Cellist Cabezas strikes sparks on a rainy night at Grant Park

Thu Jul 03, 2014 at 7:14 am

By Lawrence A. Johnson

Gabriel Cabezas performed Saint-Saens' Cello Concerto No. 1 with the Grant Park Orchestra Wednesday night.
Gabriel Cabezas performed Saint-Saëns’ Cello Concerto No. 1 with the Grant Park Orchestra Wednesday night.

Another Wednesday night, another rain-drenched concert at Millennium Park.

Exactly two weeks after a Grant Park Orchestra performance was delayed and eventually cancelled due to a raging thunderstorm, the meteorological gods proved less than beneficent once again. On an unseasonably cold July night, the persistent rain sent those in the Pritzker Pavilion scurrying for a spot Wednesday beneath Frank Gehry’s majestic yet leaky metal billows. The wet lawn was left almost deserted except for a few hardy souls who camped out underneath their hoods and umbrellas.

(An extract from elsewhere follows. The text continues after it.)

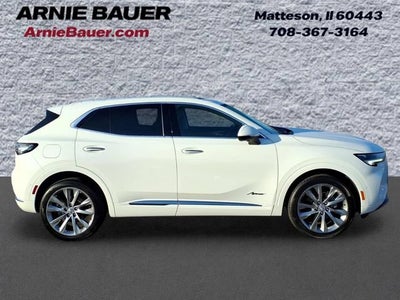 2022 Buick Envision Avenir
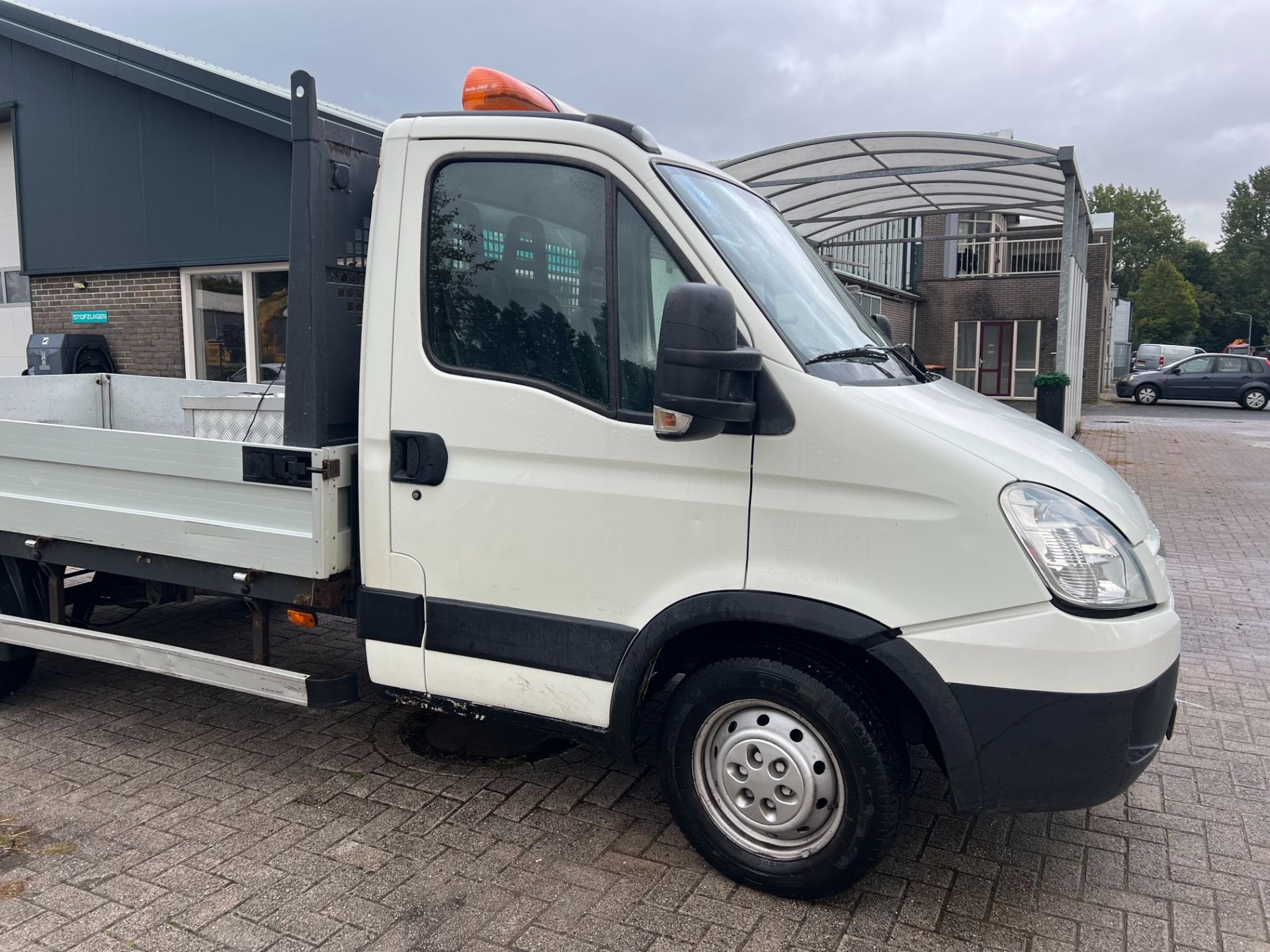 IVECO DAILY 4 rechts spiegel buitenspiegel 2006-2011, Gebruikt, Iveco Group N.V., Ophalen of Verzenden, Info@ivecogroup.com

If the program, led by Costa Rican conductor Giancarlo Guerrero, wound up offering rather mixed rewards, there was no doubt about the evening’s highlight, provided by local cellist Gabriel Cabezas.

Saint-Saëns’ Cello Concerto No. 1 is not the deepest concertante work ever written, but in its unerring craft and attractive mix of good tunes and fizzing virtuosity, the French composer’s 19-minute esprit can prove irresistible in the right hands.

As it was with Cabezas. Just 21 years old, the Chicago-born Curtis graduate made an inspirational lakefront festival debut. With a warm, commodious sound and sterling technique, the cellist fairly vaulted through the myriad challenges of the outer movements with firmly projected tone and bracing clarity of  articulation, unfazed by the damp, chilly night.

Cabezas also showed himself fully in synch with the rhapsodic element, tackling Saint-Saëns’ lyrical lines in a sweet cantabile style. Some inartful balancing in the first movement apart, Guerrero led the orchestra in an alert accompaniment, nicely bringing out the lilting delicacy of the central Allegretto.

Another lightweight French work closed the evening, Poulenc’s suite from his ballet Les biches. The music may be pure fluff a la francais but it’s entertaining fluff nonetheless. If the music’s charm and sly wit weren’t always in evidence, Guerrero led a polished and energetic performance of Poulenc’s confection with especially snappy trumpet playing in the ersatz Baroque of the opening Rondeau.

Giancarlo Guerrero
Giancarlo Guerrero

The first half was devoted to a single work, the Chicago premiere of Richard Danielpour’s Darkness in the Ancient Valley. Guerrero conducted the world premiere in 2011 with his Nashville Symphony Orchestra.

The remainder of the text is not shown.